# New design Would it work?



## tashido (Jan 29, 2009)

So the general idea I have is to create an artificial rainforest effect with humidity aswell. Was considering misting or fogging from the top , Still having the sump pump in the bottom and timers of course.
Thinking of using a small greenhouse indoors for this or a grow tent ( something to this extend ) Considering , using spray nozzles , Or a fogger. Possibly even pvc pipe with some needle holes.

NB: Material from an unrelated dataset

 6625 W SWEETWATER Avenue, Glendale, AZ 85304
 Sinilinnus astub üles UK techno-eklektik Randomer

Anyways , Would the general idea behind this work? And I do know that the proven systems work but I wanted to try something new.


----------



## umbra (Jan 29, 2009)

most strains do not come from the rain forest. As to the design, why are you trying to reinvent the wheel? Why not take a PROVEN method and use it?


----------



## 84VW (Jan 29, 2009)

trying to copy the rainforests environment indoors with your little indoor experience will most likely end up in mold


----------



## tashido (Jan 29, 2009)

umbra said:
			
		

> most strains do not come from the rain forest. As to the design, why are you trying to reinvent the wheel? Why not take a PROVEN method and use it?


 
I see where your comming from , However I was interested in trying something new and experimenting a little bit just to see how it turns out.
If it works the way I want , it could prove to be an equal way as the other hydro set-ups. Except , I would of had a part in making it.

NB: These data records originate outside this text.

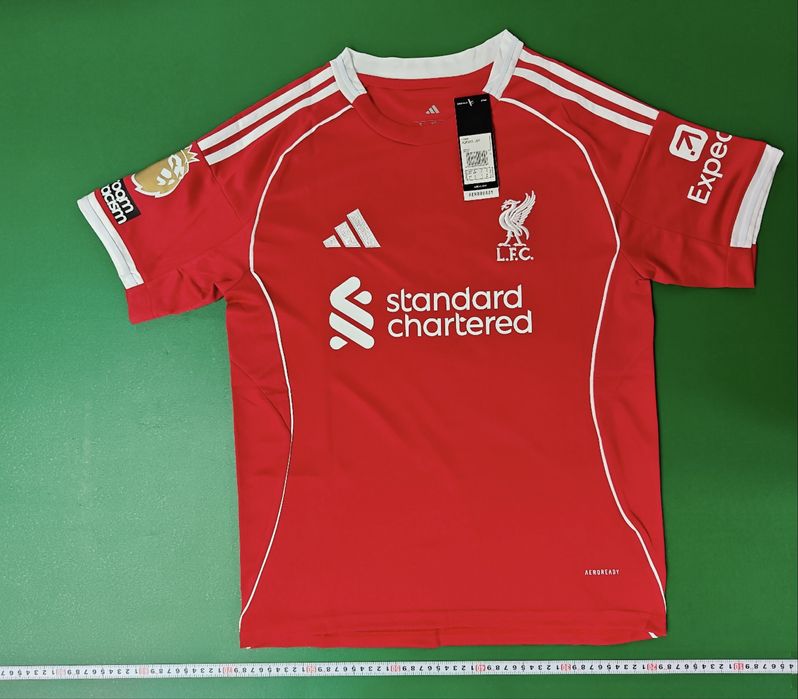 Tricou Isak liverpool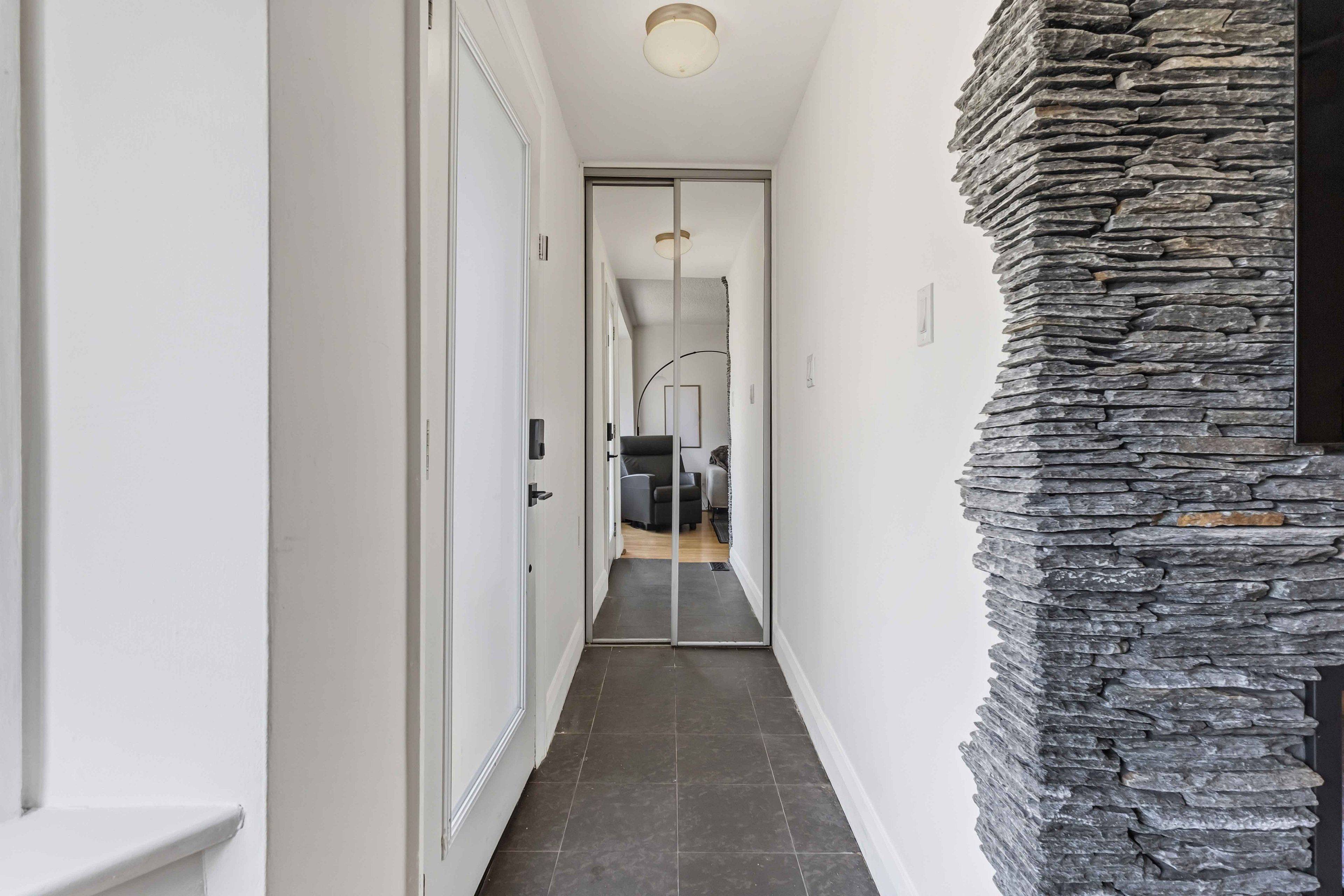 1119 Greenwood AVE, Toronto E03, ON M4J 4E5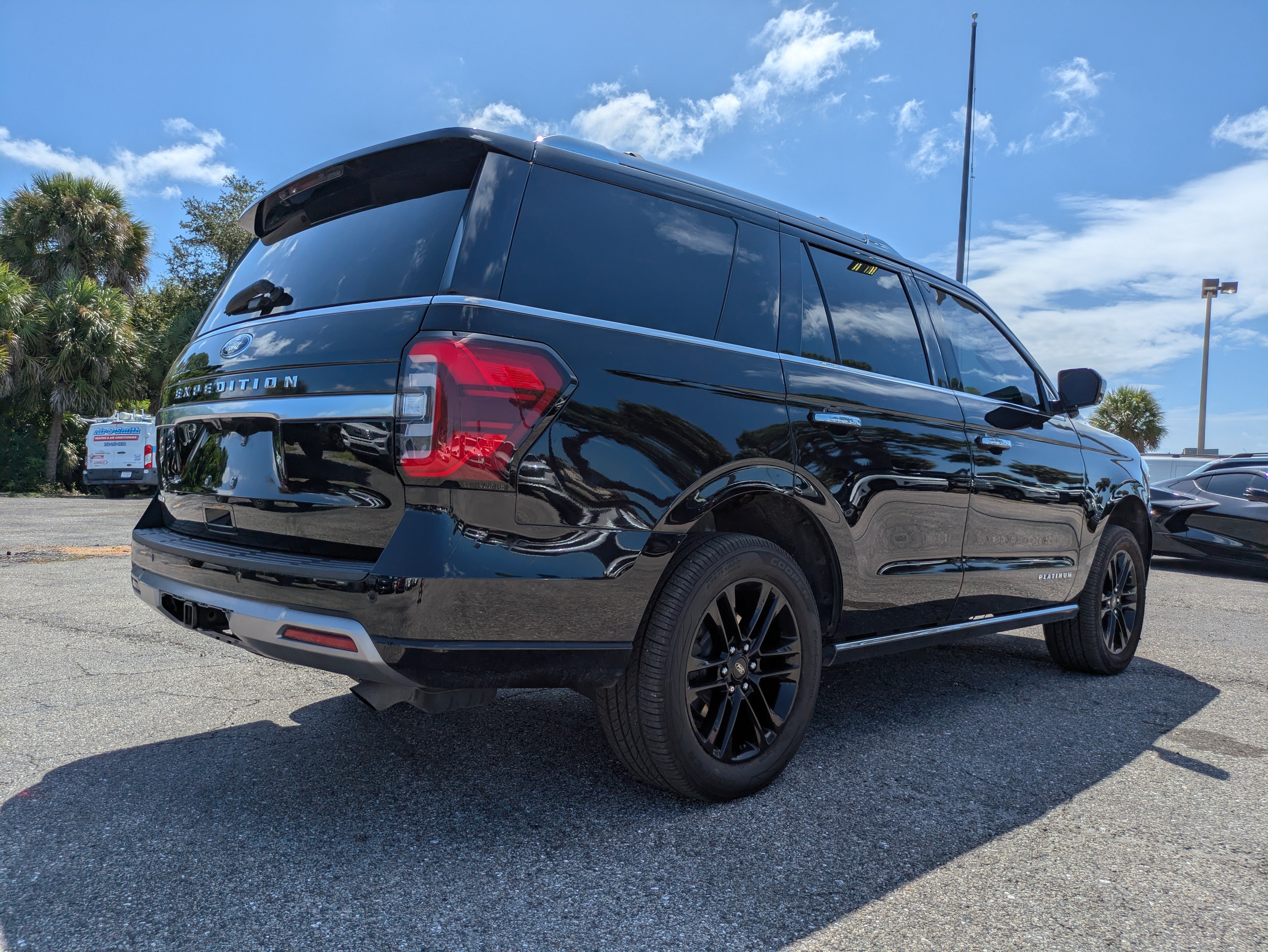 Used 2023 Ford Expedition Platinum AWD/4WD image 4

I have enough growing experience as is , grown for over 10years just always had plenty of room and no neighbors.
The only things that will take learning is nutes for hydro and the timers for misting/fogging.

I just wanted to know , Would the general idea behind this theory work or does it have some big flaw im overlooking?


----------



## The Hemp Goddess (Jan 29, 2009)

IMO, there is no reason to believe that this would work.  Marijuana grows best in humidity ranges under 70%.  When the RH gets higher, it slows growth and encourages stem rot and bud mold.


----------



## tashido (Jan 29, 2009)

heh oh well , failed idea I guess.
Ill just go out tomarrow and build a general hydra set-up. It'll work fine xD


----------



## Lemmongrass (Jan 29, 2009)

to do this you need to fill all niches by hand before nasties develop. this means inoculating your grow with passive fungus/bacteria, keeping a population of insects to eat whatever gets by the micro-defenses. and you would then need a controlled population of toad or something to keep the insects in check. you would have to hepa all air input, and prolly make a little airlock room(zipper up each side and a switch to blast hepa air into it). you would need supporting plant species to take advantage of the environment as to provide a benefit to your pot plants. and on top of that you would have to be able to controllably decompose excess plant/bug/fecal matter.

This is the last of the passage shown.